Immersion Corporation Announces Settlement and License Agreement with Google and Motorola Mobility Resolving Motorola Patent Litigation
SAN JOSE, Calif.--(BUSINESS WIRE)--Immersion Corporation (NASDAQ: IMMR), the leader in touch feedback technology development and licensing, today announced it entered into a settlement and license agreement with Google, Inc. and Motorola Mobility LLC, resolving the patent infringement litigation brought by Immersion against Motorola. The litigation was initiated based on Motorola's various uses of a simple form of haptic effects in its mobile devices, sometimes referred to as Basic Haptics. Under the settlement and license agreement, Immersion is receiving compensation for prior shipments of Motorola devices containing Basic Haptics technology, the parties have agreed to a license relating to future shipments of Motorola devices with Basic Haptics, and have resolved certain issues with respect to Google-branded smartphones containing Basic Haptics. The agreement does not extend to other manufacturers' handsets that use the Android operating system. As a result of the settlement, Immersion will dismiss all pending litigation between it and Motorola.

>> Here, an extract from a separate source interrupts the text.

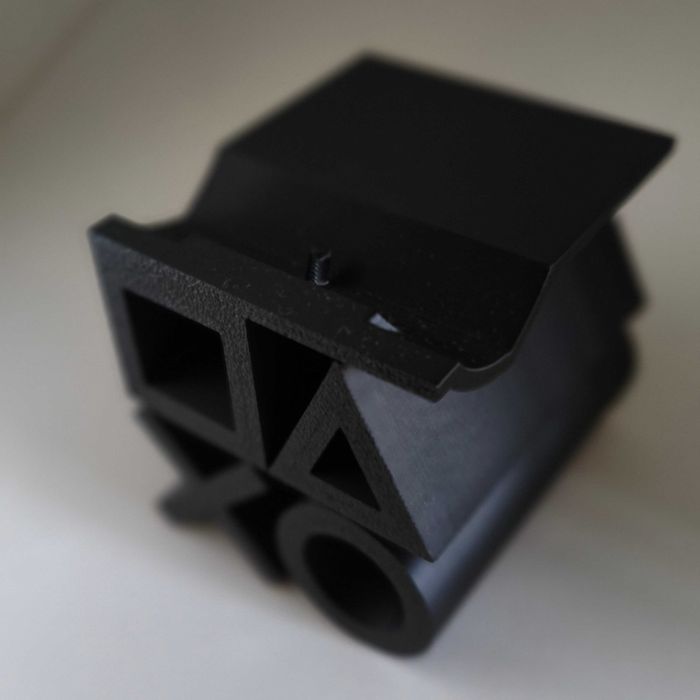 Suporte para comandos Playstations 5 ou Playstation 4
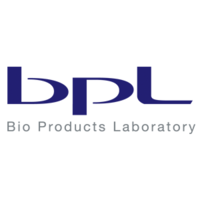 Bio Products Laboratory Logo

"The successful resolution of this case is a critical step in our overall strategy of enforcing and monetizing our intellectual property, including Basic Haptics, and we're pleased to achieve a settlement that is consistent with our business model, which is largely based on per unit running royalties," said Immersion CEO Victor Viegas. "We remain fully committed to enforcing our IP rights while continuing to innovate and create new technology and solutions for the mobile space. While the terms of the settlement will remain confidential and are not anticipated to have a material impact on our financial results for 2012, this settlement is a great step forward in validating the value of our IP portfolio and the investments we have made in the mobile market."